No 5: To Push or Not to Push?
If you think that forcing your way into the train before all the passengers have alighted is a bad trait, what about pushing? Is it okay to push the person in front of you in order to make it into the train before the door closes? What about pushing hard just to get out of the train on time? I have seen many cases where the crowd just goes crazy. This is especially so when there is a train delay. After 20 minutes of waiting for a train to come, the crowd has swelled so badly that when the train eventually arrives, the crowd went mental. All that pushing and jostling just to get into the train is common practice. No one cares if they do not get a place to seat! They just want to get into the train, even if it means having to press their faces against the door or getting downright cozy with that strange man next to them. Pretty sick, if you ask me, but who wants to wait another 20 minutes for another train to come? I mean, this is highly possible in the event of a technical problem - which seems to be occurring rather frequently these days.

No 6: What bag(s) to carry?
This is not so much of an issue for men. Most men, I noticed, hardly even need to bring a bag with them. Usually, men will be carrying their briefcase or laptop bag. Common choices are laptop backpacks (Samsonite is making a bundle out of these people). However, for the women, handbags can be quite an issue. A backpack is usually too casual for a woman to carry to work. But to safeguard their belongings from potential pickpockets (yes, this is a true problem), I would advise women to carry sling bags. Preferably the type of sling bags where you can carry your bag in front of you. If you have to use a more formal looking bag for work, ensure your bag has a zipper and that you do not leave your Ipod, mobile phone, or wallet in plain sight. Clutch your bag firmly under your arm if possible. This will deter any potential pickpockets. Of course, a bag with a zipper will also save you a lot of trouble in the event you drop it. It will almost be a suicide attempt to be picking up items from the floor of a crowded train, not to mention embarrassing. Also, it is good to avoid bags with a short handle. A bag with a short handle basically means you will need a hand to hold it. This will leave you with only one free hand to hold the handles or to brace yourself in the event of a sudden jolt or stop! Think practical and you will not go wrong.
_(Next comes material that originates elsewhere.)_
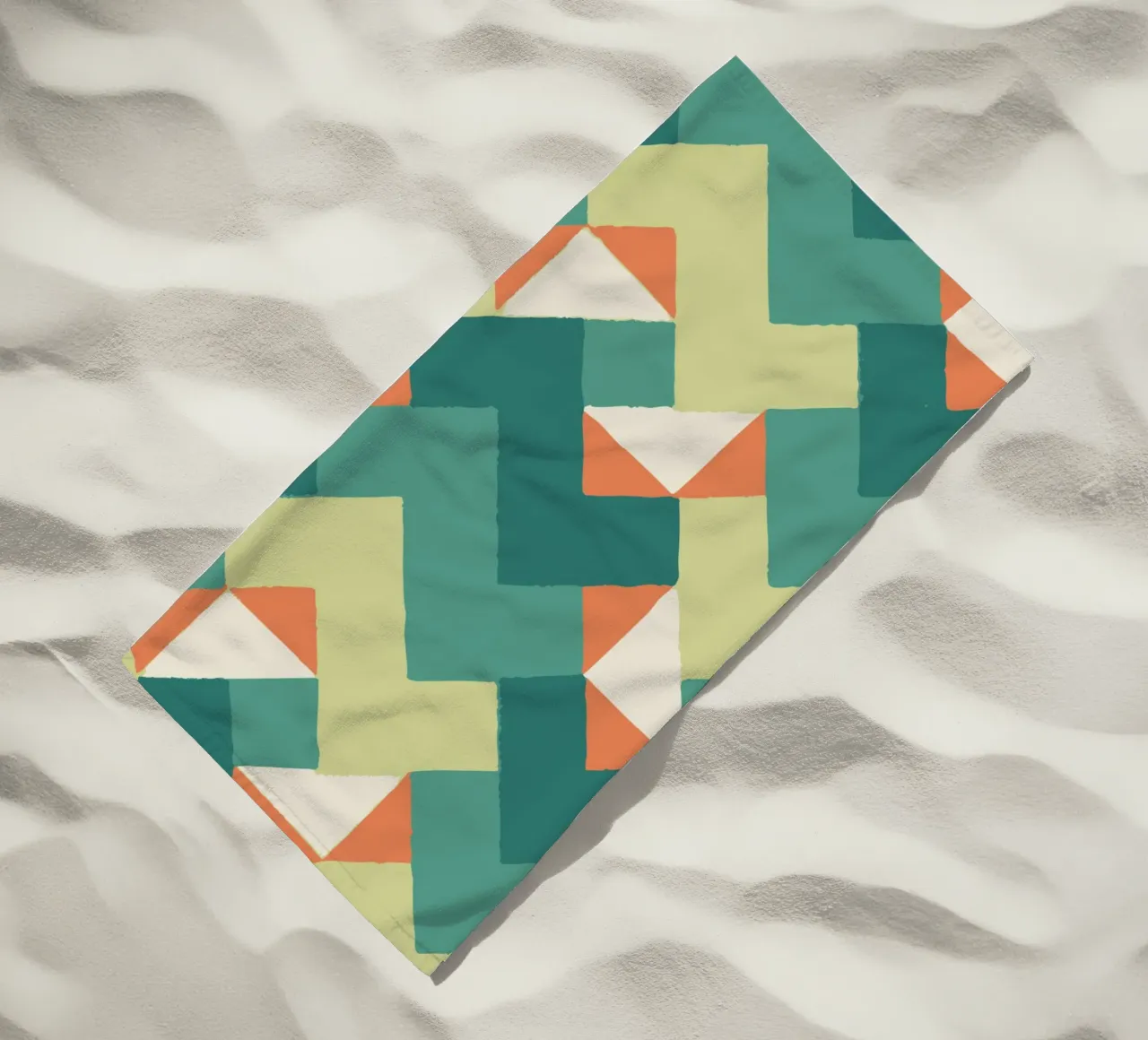 Abstract geometric pattern - Colourful retro design Print beach towel by luciette plastique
No 7: What to Do If You Do Not Want to Lose Your Seat?
I have seen some of the worst people on the trains and some of the best as well. There are people who refuse to offer their seats to pregnant women, senior citizens, or to the handicap. However, if you are feeling exceptionally selfish for the day and have just (with much difficulty) managed to snag a miraculous seat on the train, you can protect your seat until your destination with one simple trick! Pretend to be asleep! Simply close your eyes and pretend to doze off. Keep your eyes shut tightly until you reach your stop and no one would give you any malicious looks!

While some of the things I have written may not actually reflect all Malaysians in the same manner, but this is an honest take from my perspective. Since this is a survival guide, please use it with discretion. Have fun commuting and live well!